### Task prompt
Take the data below and copy exactly the lines starting at the one with "403 Shawinigan Drive Sw Property Photo 18" and finishing at the one with "APPLE SHIPS 15", both included.

Dataset records:
- - - - -

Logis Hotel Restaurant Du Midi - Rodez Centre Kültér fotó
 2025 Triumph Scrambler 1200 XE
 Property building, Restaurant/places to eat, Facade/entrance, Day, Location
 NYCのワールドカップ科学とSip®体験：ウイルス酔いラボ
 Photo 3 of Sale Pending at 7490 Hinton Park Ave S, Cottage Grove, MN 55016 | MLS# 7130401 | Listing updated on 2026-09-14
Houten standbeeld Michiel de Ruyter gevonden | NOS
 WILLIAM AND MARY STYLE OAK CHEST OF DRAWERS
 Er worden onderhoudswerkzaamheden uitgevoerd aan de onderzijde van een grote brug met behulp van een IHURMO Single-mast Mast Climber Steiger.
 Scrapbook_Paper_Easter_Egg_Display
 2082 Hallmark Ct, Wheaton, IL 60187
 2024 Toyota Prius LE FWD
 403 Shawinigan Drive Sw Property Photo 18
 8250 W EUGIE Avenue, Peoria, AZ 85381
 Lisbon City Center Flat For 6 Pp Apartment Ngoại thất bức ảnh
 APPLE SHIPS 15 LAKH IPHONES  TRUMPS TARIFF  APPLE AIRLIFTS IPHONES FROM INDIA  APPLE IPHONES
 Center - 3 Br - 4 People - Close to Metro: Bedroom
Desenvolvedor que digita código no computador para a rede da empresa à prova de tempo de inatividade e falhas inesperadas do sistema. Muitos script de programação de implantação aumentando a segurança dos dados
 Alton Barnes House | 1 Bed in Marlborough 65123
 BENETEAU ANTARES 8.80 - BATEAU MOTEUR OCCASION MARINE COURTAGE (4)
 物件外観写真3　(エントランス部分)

- - - - -

### Solution to the problem
 403 Shawinigan Drive Sw Property Photo 18
 8250 W EUGIE Avenue, Peoria, AZ 85381
 Lisbon City Center Flat For 6 Pp Apartment Ngoại thất bức ảnh
 APPLE SHIPS 15 LAKH IPHONES  TRUMPS TARIFF  APPLE AIRLIFTS IPHONES FROM INDIA  APPLE IPHONES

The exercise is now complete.